*** Opening Material provided ***

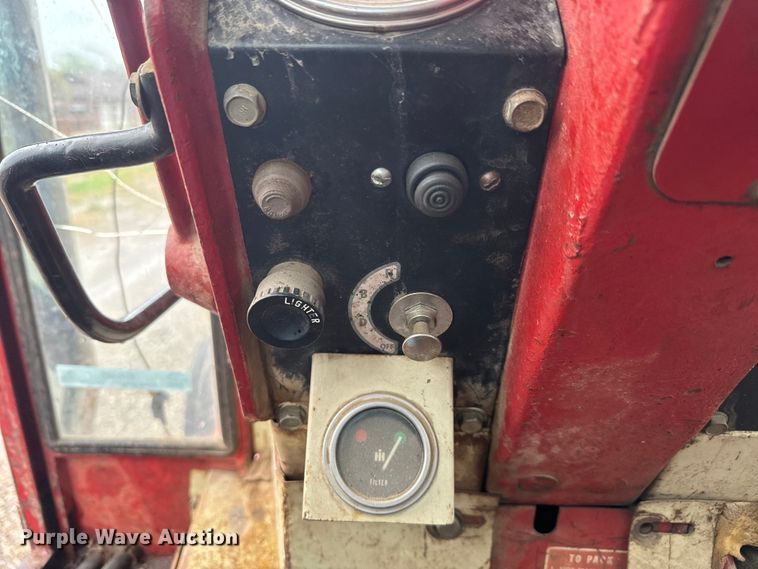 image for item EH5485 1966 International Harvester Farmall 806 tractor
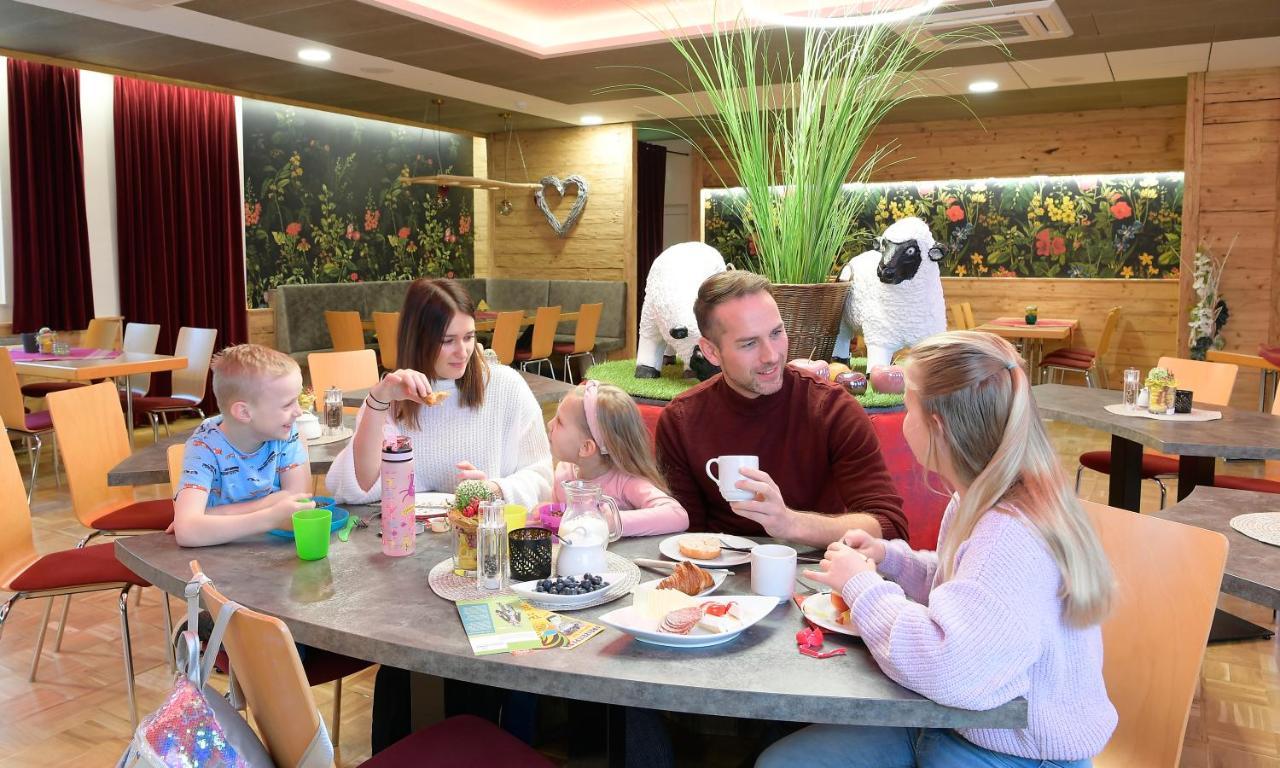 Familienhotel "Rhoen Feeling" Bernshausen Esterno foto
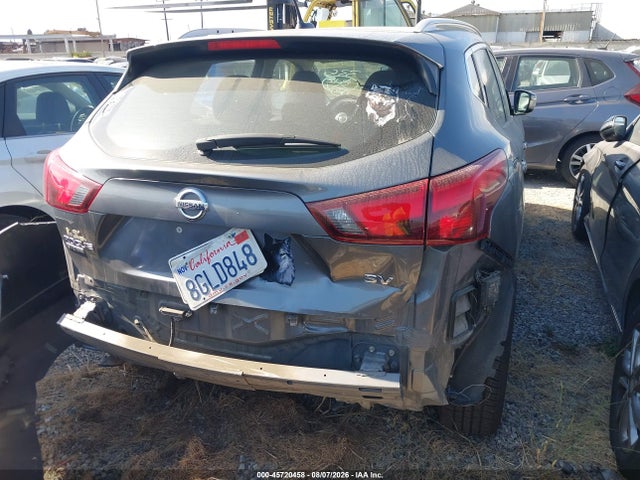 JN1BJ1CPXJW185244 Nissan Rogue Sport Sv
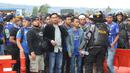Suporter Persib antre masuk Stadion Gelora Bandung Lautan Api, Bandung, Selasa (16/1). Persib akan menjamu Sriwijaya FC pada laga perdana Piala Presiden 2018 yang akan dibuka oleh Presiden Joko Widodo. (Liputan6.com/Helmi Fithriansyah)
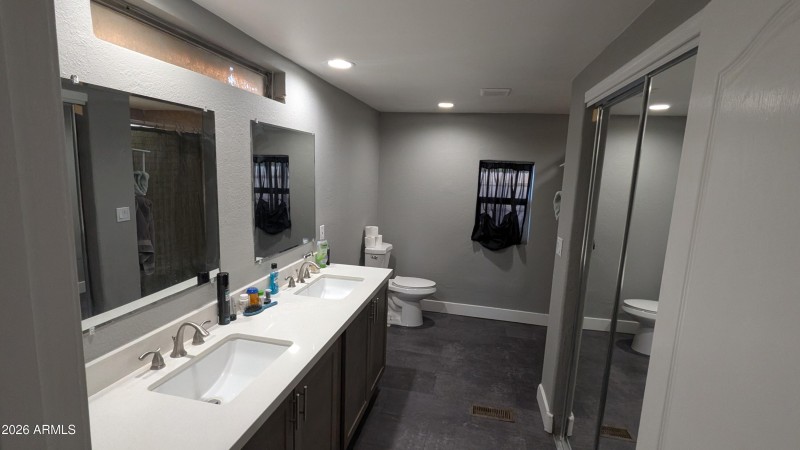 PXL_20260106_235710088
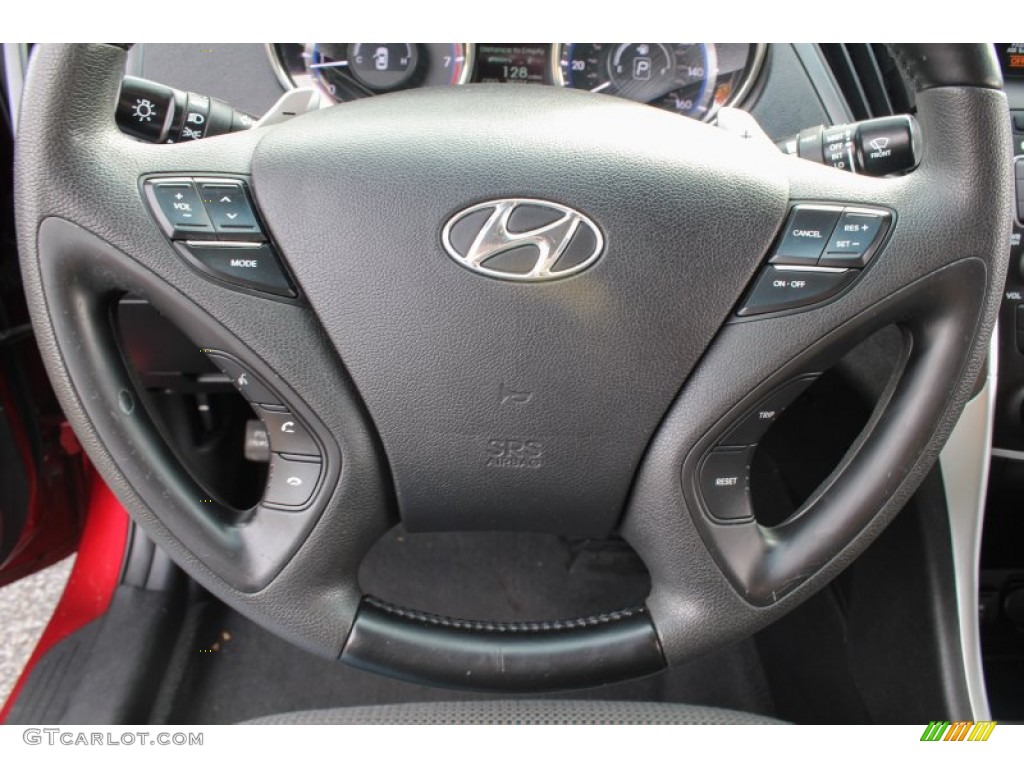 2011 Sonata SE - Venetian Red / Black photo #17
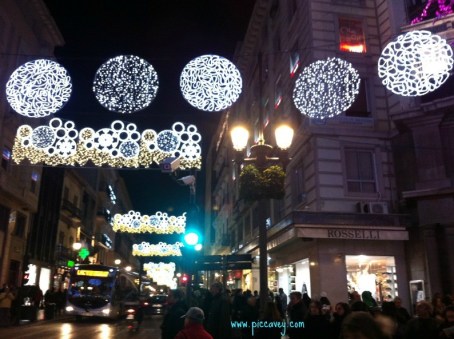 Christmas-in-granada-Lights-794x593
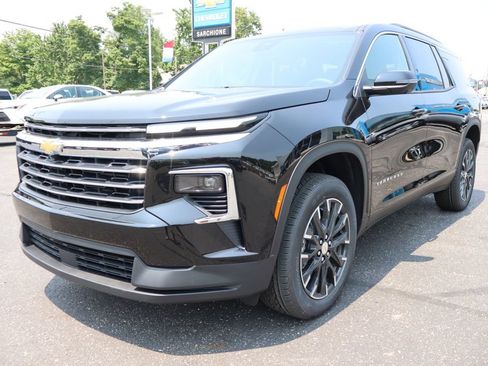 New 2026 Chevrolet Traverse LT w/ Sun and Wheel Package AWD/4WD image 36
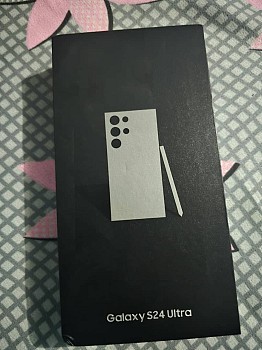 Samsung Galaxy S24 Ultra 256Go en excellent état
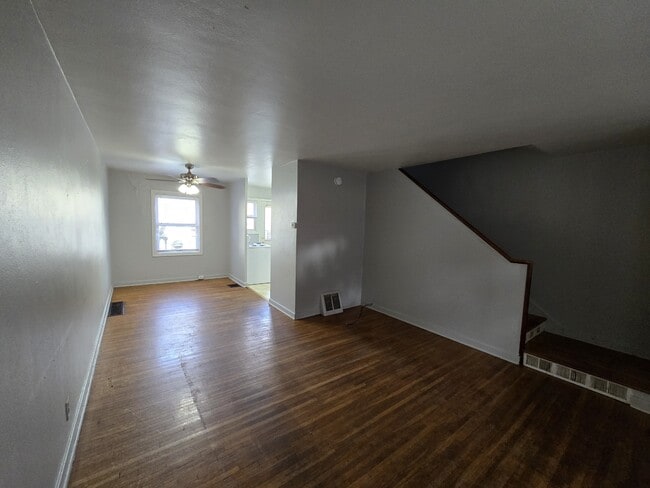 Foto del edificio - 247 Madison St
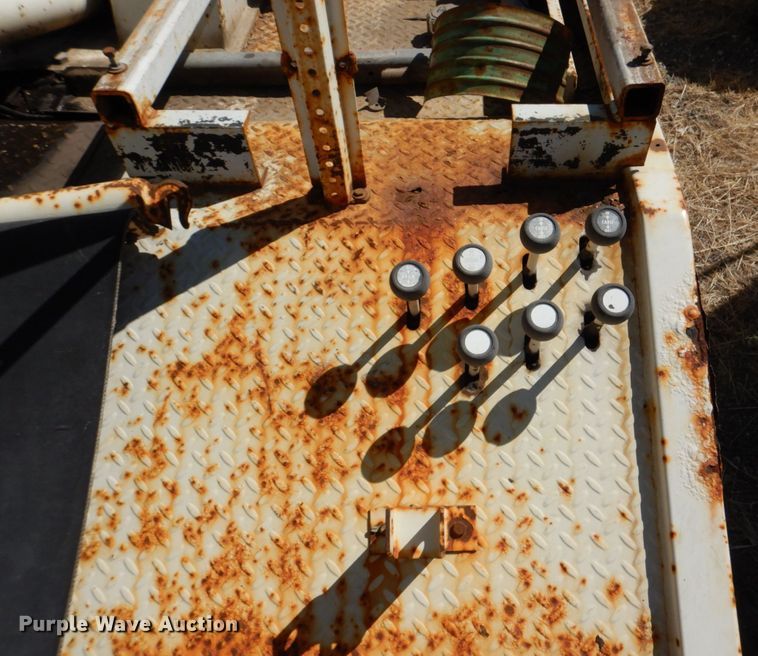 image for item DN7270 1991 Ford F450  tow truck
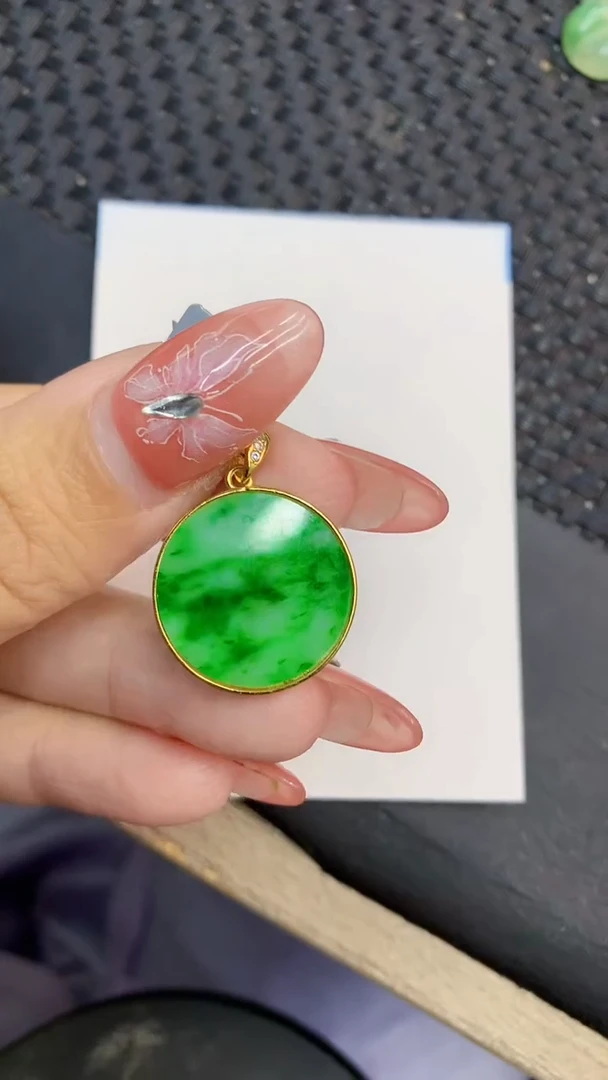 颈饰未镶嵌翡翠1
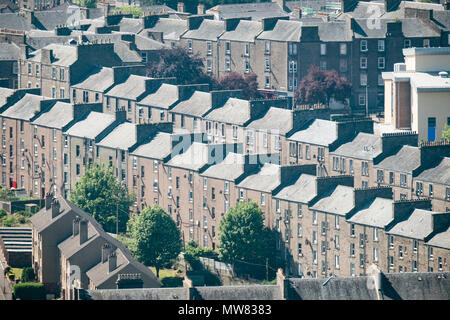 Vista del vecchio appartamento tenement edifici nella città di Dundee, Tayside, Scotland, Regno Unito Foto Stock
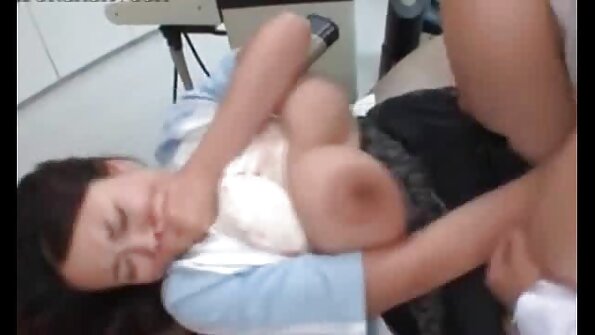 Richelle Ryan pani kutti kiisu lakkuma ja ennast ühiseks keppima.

*** Closing Material provided ***

Exactly the lines above, from the one containing "PXL_20260106_235710088" down to the one containing "Samsung Galaxy S24", are to be repeated, including both ends. Pictures are not part of the copy.

 PXL_20260106_235710088
 2011 Sonata SE - Venetian Red / Black photo #17
 Christmas-in-granada-Lights-794x593
 New 2026 Chevrolet Traverse LT w/ Sun and Wheel Package AWD/4WD image 36
 Samsung Galaxy S24 Ultra 256Go en excellent état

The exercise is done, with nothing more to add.